═════ COLLECTED DATA
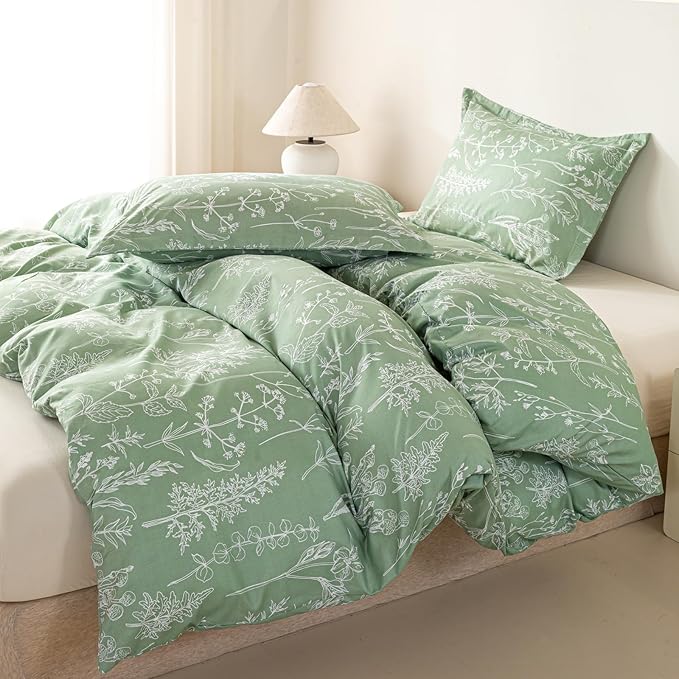 OAITE Green Duvet Cover King Size 3 Pieces Prewashed Cotton-Like Polyester - Image 3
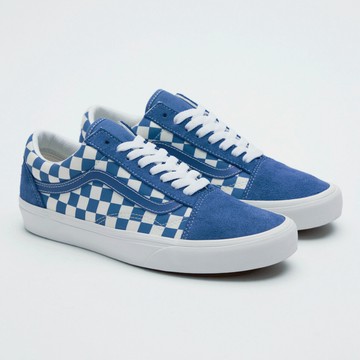 Old Skool 藍色棋盤格滑板鞋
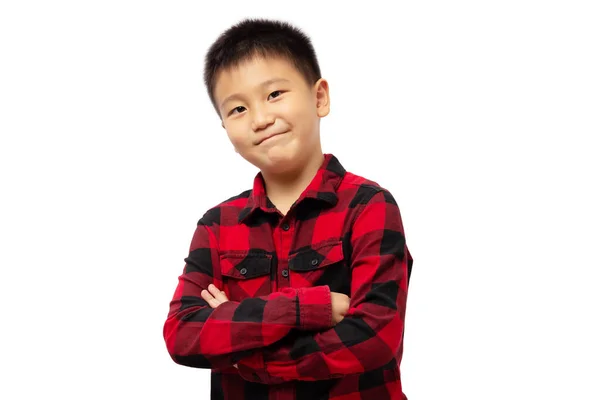 Niño Inteligente Pensando Con Brazo Cruzado Con Camisa Roja Aislada —  Fotos de Stock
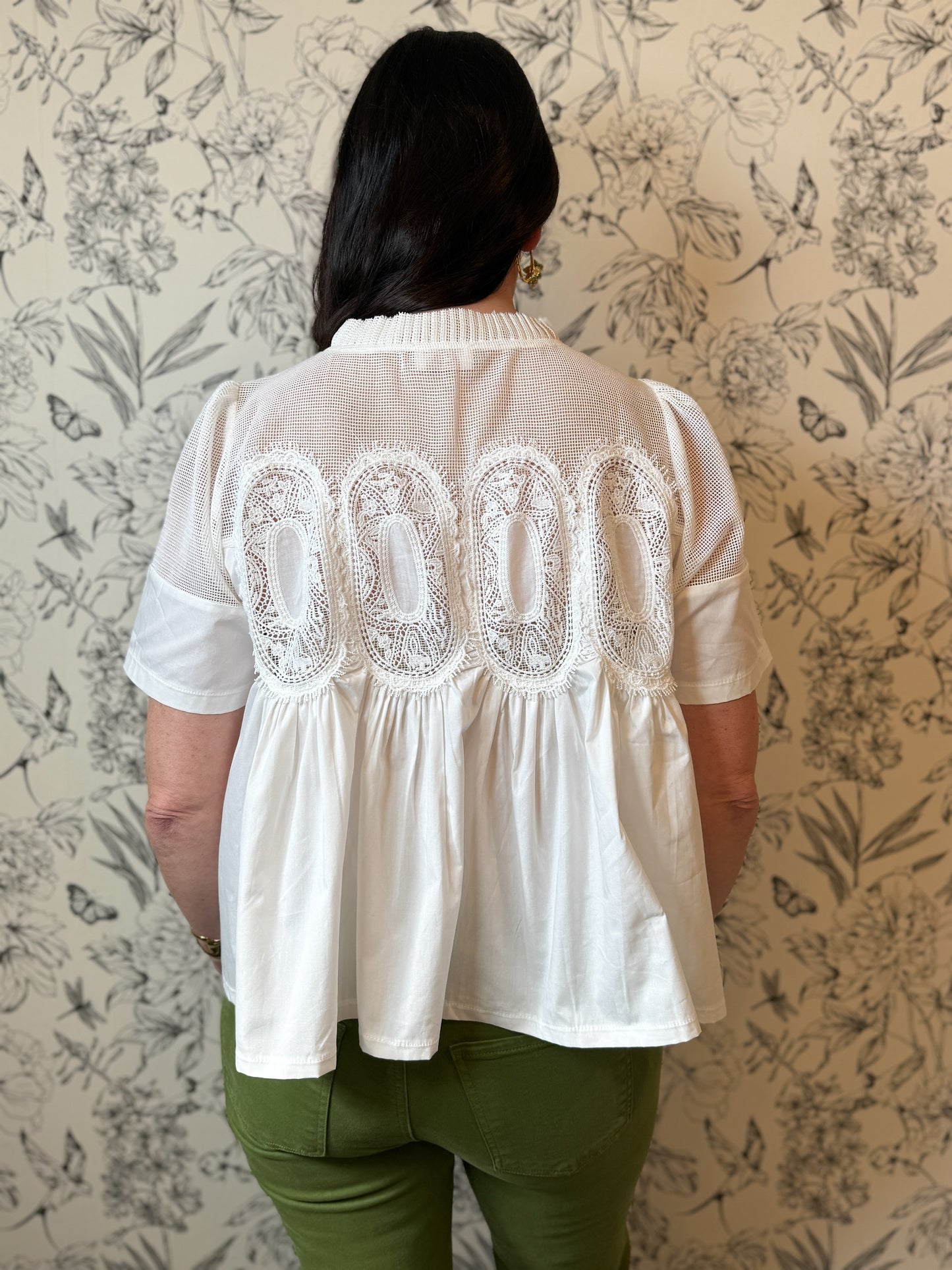 Sheer Delight Mesh Applique Top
══════════
• _REQUIREMENT_: Write the listing out exactly, apart from its pictures.

• _EXPECTED ANSWER_:
 OAITE Green Duvet Cover King Size 3 Pieces Prewashed Cotton-Like Polyester - Image 3
 Old Skool 藍色棋盤格滑板鞋
 Niño Inteligente Pensando Con Brazo Cruzado Con Camisa Roja Aislada —  Fotos de Stock
 Sheer Delight Mesh Applique Top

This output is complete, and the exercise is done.